Two of the appointed board members, not the ex-officio members that represent the Lamont administration, seated by right of their state agency jobs, have abstained or recused themselves from previous votes regarding the remake of State Pier.

That means the governor, given the vacancies and conflicts on the appointed side of the board, will almost certainly be able to control the outcome with leverage of ex-officio board votes when the secret deal is unveiled and put to a quick and final tally. This is precisely the opposite of the intent of the legislation that created the agency, which was meant to be controlled by appointed board members who would outnumber administration officers two to one.

The agency has lacked an executive director, as required by law, since last summer. But, of course, an executive director reporting to a legitimate, legally empowered board would only make it more difficult for the governor to do anything he wants.

The thinly populated port authority board also is in violation of the port authority's own bylaws, as set out under Connecticut statutes, that dictate there be two elected or appointed officials from coastal municipalities. There is now none.

But who cares if you are ignoring the law and have no required local representation when you are making deals to forever transform a historical port?

This is the new Connecticut, run by a rich prince of Fairfield County, evidently largely on behalf of the investors who stand to profit most from the riches of wind deals.

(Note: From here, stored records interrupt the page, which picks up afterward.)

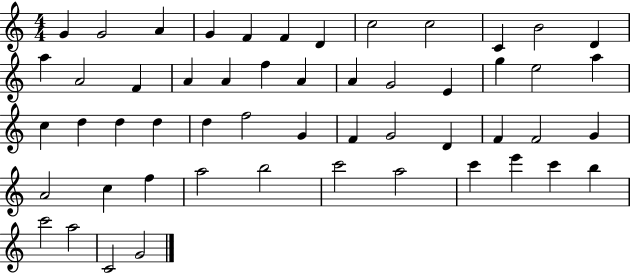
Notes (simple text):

G4/q G4/h A4/q G4/q F4/q F4/q D4/q C5/h C5/h C4/q B4/h D4/q A5/q A4/h F4/q A4/q A4/q F5/q A4/q A4/q G4/h E4/q G5/q E5/h A5/q C5/q D5/q D5/q D5/q D5/q F5/h G4/q F4/q G4/h D4/q F4/q F4/h G4/q A4/h C5/q F5/q A5/h B5/h C6/h A5/h C6/q E6/q C6/q B5/q C6/h A5/h C4/h G4/h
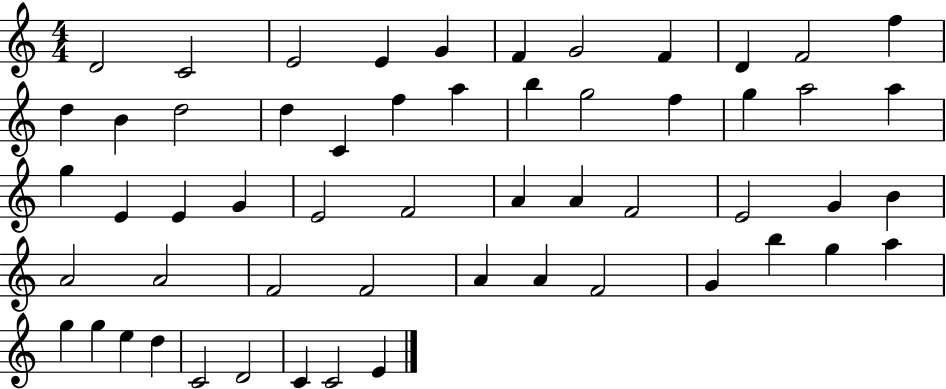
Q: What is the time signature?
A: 4/4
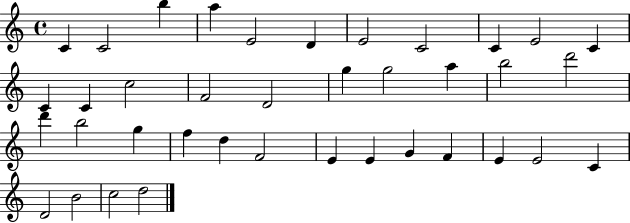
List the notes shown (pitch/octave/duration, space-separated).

C4/q C4/h B5/q A5/q E4/h D4/q E4/h C4/h C4/q E4/h C4/q C4/q C4/q C5/h F4/h D4/h G5/q G5/h A5/q B5/h D6/h D6/q B5/h G5/q F5/q D5/q F4/h E4/q E4/q G4/q F4/q E4/q E4/h C4/q D4/h B4/h C5/h D5/h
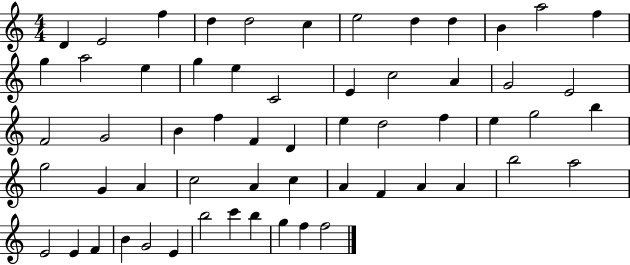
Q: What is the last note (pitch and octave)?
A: F5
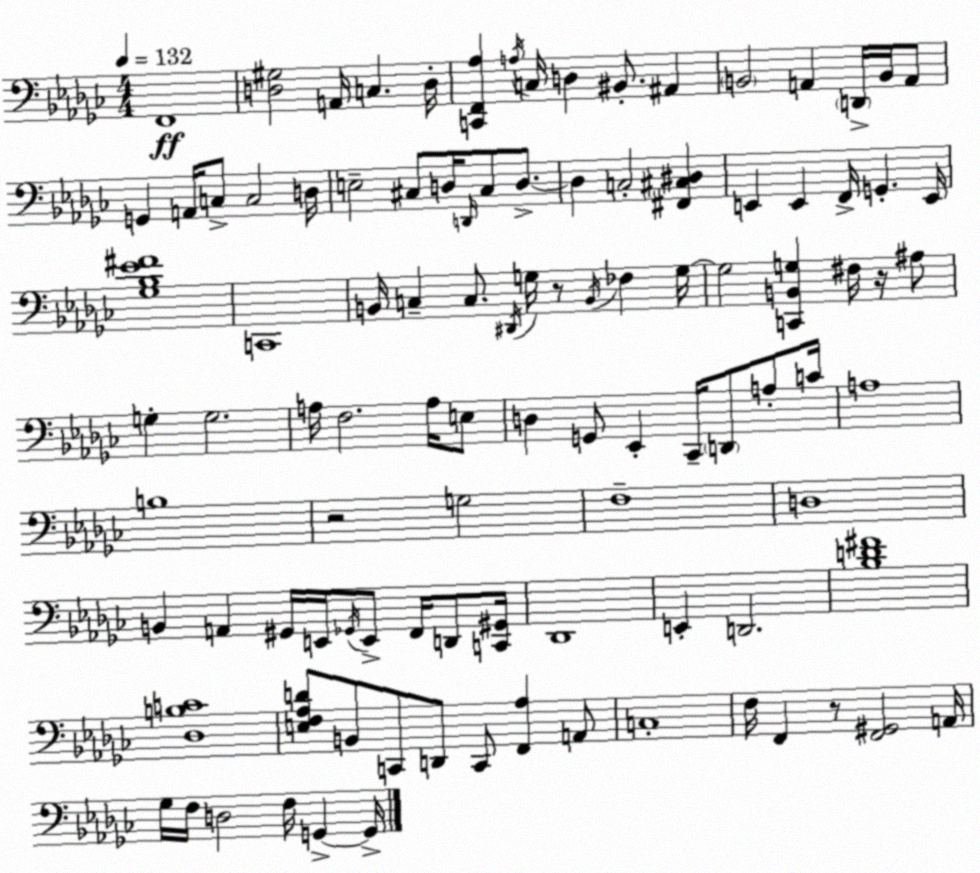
X:1
T:Untitled
M:4/4
L:1/4
K:Ebm
F,,4 [D,^G,]2 A,,/4 C, D,/4 [C,,F,,_A,] A,/4 C,/4 D, ^B,,/2 ^A,, B,,2 A,, D,,/4 B,,/4 A,,/2 G,, A,,/4 C,/2 C,2 D,/4 E,2 ^C,/2 D,/4 D,,/4 ^C,/2 D,/2 D, C,2 [^F,,^C,^D,] E,, E,, F,,/4 G,, E,,/4 [_G,_B,_E^F]4 C,,4 B,,/4 C, C,/2 ^D,,/4 G,/4 z/2 B,,/4 _F, G,/4 G,2 [C,,B,,G,] ^F,/4 z/4 ^A,/2 G, G,2 A,/4 F,2 A,/4 E,/2 D, G,,/2 _E,, _C,,/4 D,,/2 A,/2 C/4 A,4 B,4 z2 G,2 F,4 D,4 B,, A,, ^G,,/4 E,,/4 _G,,/4 E,,/2 F,,/4 D,,/2 [C,,^G,,]/4 _D,,4 E,, D,,2 [_B,D^F]4 [_D,B,C]4 [E,F,_A,D]/2 B,,/2 C,,/2 D,,/2 C,,/2 [F,,_A,] A,,/2 C,4 F,/4 F,, z/2 [F,,^G,,]2 A,,/4 _G,/4 F,/4 D,2 F,/4 G,, G,,/4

The announced plan for next week's board meeting is to also finally disclose the findings of an independent outside audit and examination of the processes of the scandal-ridden port authority, at the same meeting the illegitimate board votes on what could be the most consequential decision the agency has or will ever make.

Couldn't we first hear the results of the outside audit?

Of course not. There's a lot of money to be made here. Why make it messy with an audit report further outlining the corruption and law breaking that got the agency this far?

Just this week, the governor thumbed his nose at Freedom of Information laws, claiming, incredibly, that his administration does not have a copy of the signed memorandum that lays out his promise of $35 million in borrowed state money. The governor, under pressure, finally released the framework memorandum for the State Pier deal Tuesday evening after deadline, some five weeks after it was formally requested.

If this is such a good deal, why can't it be done in the open, with a legally constituted agency with the public involved and aware of the details, with the lawful input of lawmakers from both parties and their appointees?

Where, you might ask, is state Attorney General William Tong, as this legal sham unfolds. In the governor's pocket, apparently, a Democratic puppet who cares more about party loyalty than the laws that are being ignored.

A lot of Democratic lawmakers, including those representing eastern Connecticut, have apparently been similarly gagged.

This is the opinion of David Collins.